The risks of bad management

Last week we established that management is happening in your business right now, tomorrow, and every day, whether you acknowledge it or not. 

This also means that somebody is managing the business, whether they acknowledge it or not. 

And that someone is probably you. 

But what happens when you don’t acknowledge it?

Does any of this sound familiar?

  • You haven’t taken a holiday in recent memory
  • You did take a holiday and spent 85% of your time responding to emails and phone calls
  • You did take a holiday, ignored work emails and calls, and when you came back your business was a complete mess
  • You spent 34 out of the last 40 working hours answering questions
  • You spent 34 out of the last 40 working hours answering emails
  • You spent 34 out of the last 40 working hours correcting people’s work
  • New prospects are calling you every week, but none of them understand what you do
  • New prospects are calling you every week but none of them are people you can work with
  • New prospects are not calling you
  • There are tasks on your to-do list that are older than the leftovers in your freezer
  • You have a list of plans and initiatives that is longer than this list you are currently reading
  • You have a list of plans and initiatives under the heading “when the time is right”
  • You don’t have a list of plans and initiatives

If this list has inspired any similar thoughts or sentiments, please share them! 

Causation in practice

These problems are not the cause of your lack of management. 

They are the consequence of your lack of management. 

When your company improvises itself from one day to the next, you lose control.

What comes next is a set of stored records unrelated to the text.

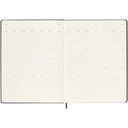Moleskine inbunden 12-månaders veckoplanerare XL - bild 1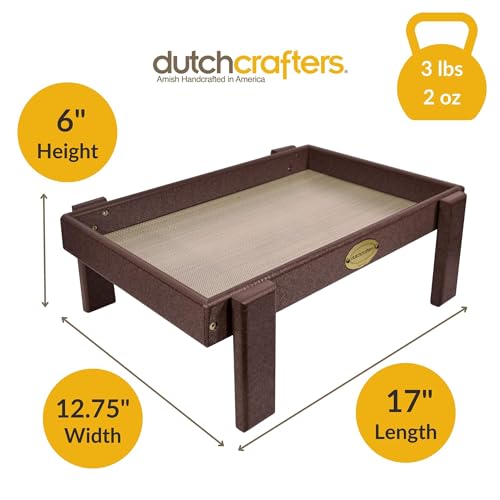 DutchCrafters Amish American Made Platform Bird Feeder, Free Standing Ground Bird Feeders for Outdoors, with Raised Seed Tray for Wild Birds, Chicken, Squirrel, Gift for Birdwatchers (Milwaukee Brown) - color: Milwaukee Brown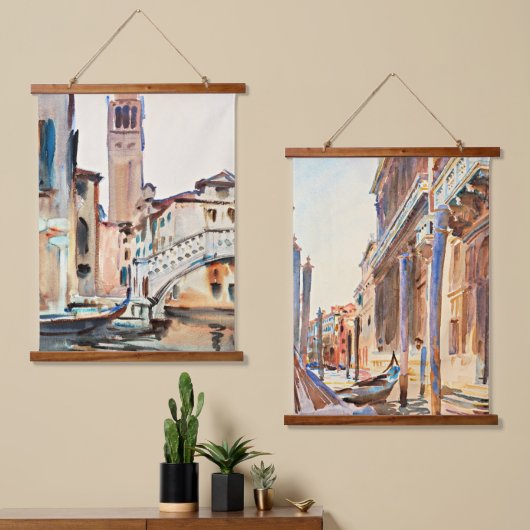 Sargent - 2つの有名な水彩画 吊り下げ型タペストリー (非対称)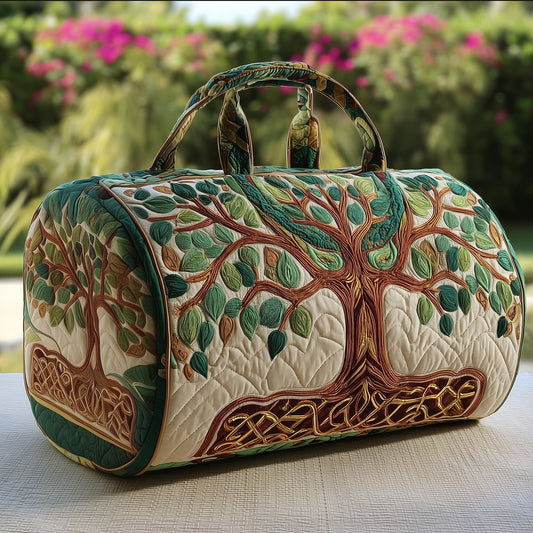 Tree Of Life Quilted Duffle Bag GFTOMA3161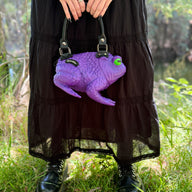 Dark Purple Toad Bag - Glow Eyes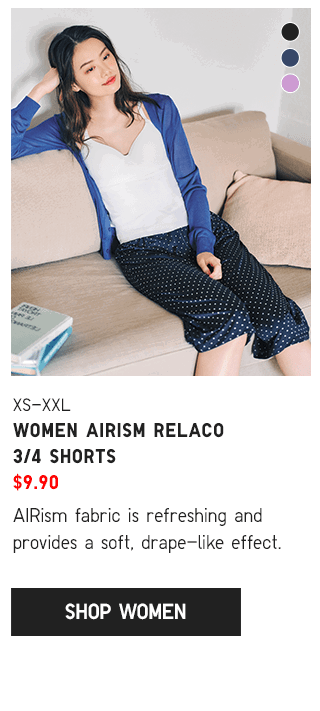 PDP14 - WOMEN AIRISM RELACO 3/4 SHORTS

It harms all three essential business pillars. 

(1) You don’t have the time or capacity to plan and build your business into your vision of success. When you can’t see or control your progress, you aren’t working towards business goals. 

(2) Your employees don’t know what is expected of them day after day, week after week, and will eventually lose faith in the whole project. 

(3) Your clients don’t know what to expect from you, and will eventually lose interest. 

What next

Pick one day next week to wake up early and not check emails or answer phone calls for at least two hours. Use those two hours to write: your vision of success, your plan to achieve it, and your organizational chart. Let it be simple and imperfect, it is still useful.